Estes dados tornaram-se fundamentais na análise económica, uma vez que, com as novas regras orçamentais da Comissão Europeia, a despesa líquida primária passou a ser um indicador fulcral para medir a ‘saúde’ das finanças de um país, já que exclui os encargos com juros, medidas discricionárias em matéria de receitas, despesas relativas a prestações de desemprego, medidas pontuais e outras medidas temporárias, despesas relativas aos programas da União inteiramente cobertas por receitas de fundos da União e despesas nacionais relativas ao cofinanciamento de programas financiados pela União.

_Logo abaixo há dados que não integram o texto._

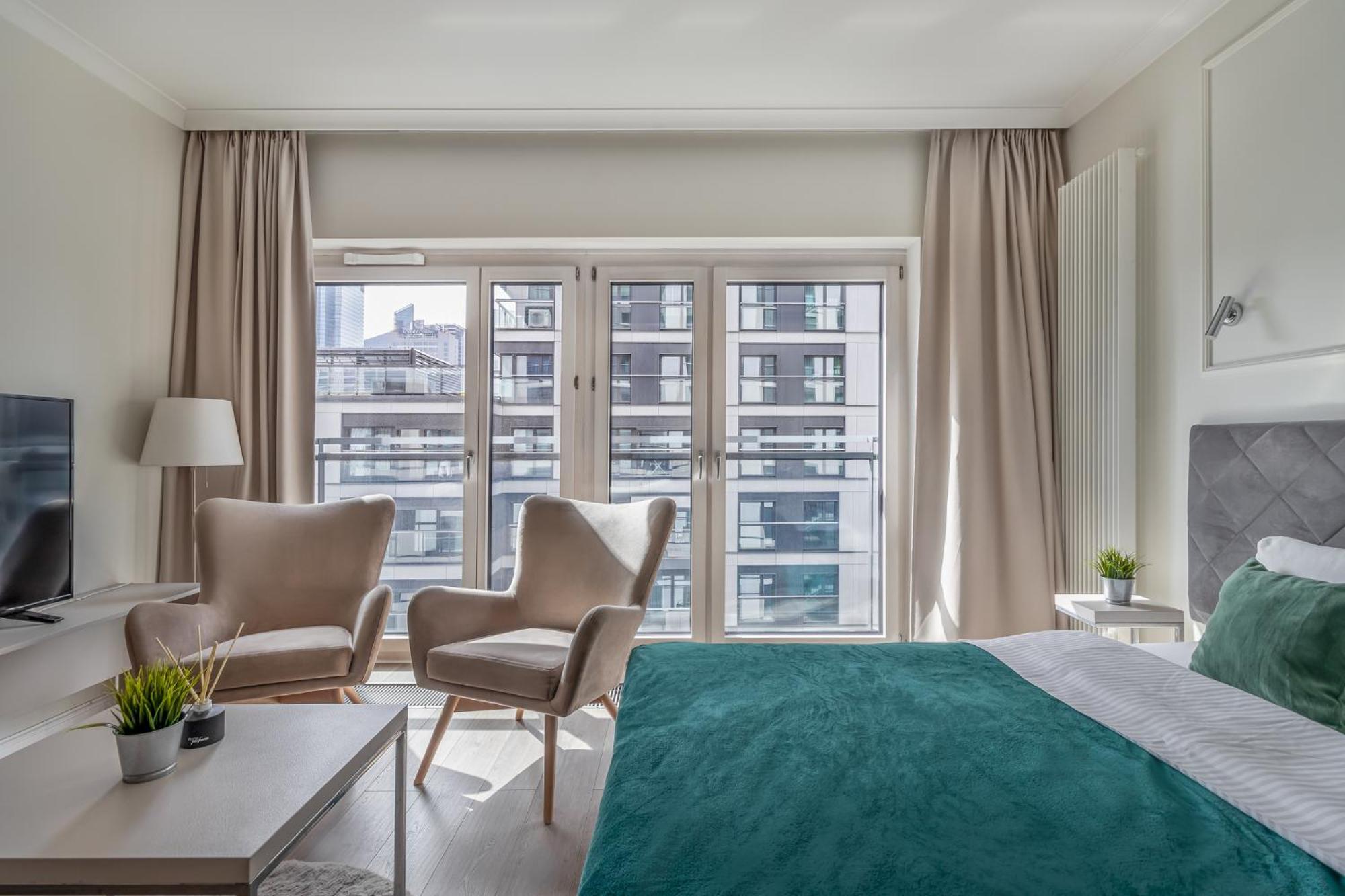 Golden Apartments -City Center - Mennica Residence Варшава Екстер'єр фото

O ajustamento feito pela equipa do ministro das Finanças, Joaquim Miranda Sarmento, não impede que Portugal registe um desvio anual na meta acordada para o crescimento da despesa líquida, fixada em 5% este ano e 5,1% no próximo. No entanto, como a avaliação de Bruxelas é feita com base no desvio médio dos quatro anos (2025 a 2028), Portugal não incorre — pelo menos para já — em incumprimento face o plano de médio prazo. Até porque os Estados estão autorizados a um desvio anual de 0,3 pontos ou de 0,6 no acumulado de 2025 a 2028.
Fonte das Finanças explica ao ECO que os dados remetidos à Comissão no dia 10 de outubro significavam um desvio de 0,1% Produto Interno Bruto (PIB) em 2025, a crédito, e um desvio de 0,1% PIB em 2026, a débito. Um resultado que seria nulo na conta de controlo que o Estado mantém com a Comissão Europeia.
No entanto, segundo a mesma fonte, na sequência de interações com a Comissão foram detetadas na semana passada ligeiras inconsistências, sobretudo na contabilização dos fundos europeus, nomeadamente do Plano de Recuperação e Resiliência (PRR), o que levou a uma revisão das previsões.
Com a alteração, o impacto do desvio inverteu-se. Ou seja, passou a ser 0,1% PIB em 2025, a débito, e de 0,1% PIB em 2026, a crédito. Assim, segundo fonte próxima ouvida pelo ECO, o efeito continuará nulo e a meta de uma taxa de crescimento média anual da despesa líquida de 3,6% durante quatro anos será cumprida.
Em declarações ao Jornal Económico, o ministro das Finanças revelou esta terça-feira que o Governo previa aumentar a despesa líquida em 4,8% no próximo ano, mas os dados da nova tabela permitem agora uma leitura mais completa. “Se olharmos para a despesa líquida, aquela que conta para as metas acordadas com Bruxelas, nós estamos a reduzir progressivamente o seu crescimento, estimando uma redução para 4,8% em 2026, abaixo do tecto da despesa acordado com a Comissão Europeia”, disse àquele meio de comunicação.
Em setembro, o Conselho das Finanças Públicas (CFP) estimou um crescimento da despesa líquida primária de 6,5% este ano e de 6,2% em 2026. No entanto, em declarações recentes os intervenientes têm apontado para diferenças nas formas de cálculo, com consequências para o resultado calculado.
As metas acordadas com a Comissão Europeia ganham ainda mais relevância numa altura em que o debate do Orçamento do Estado para 2026 (O2026) está prestes a arrancar e após alertas de instituições como o CFP e o Banco de Portugal para aumentos da despesa corrente primária refletindo, sobretudo, as despesas com pessoal, prestações sociais e pela outra despesa corrente.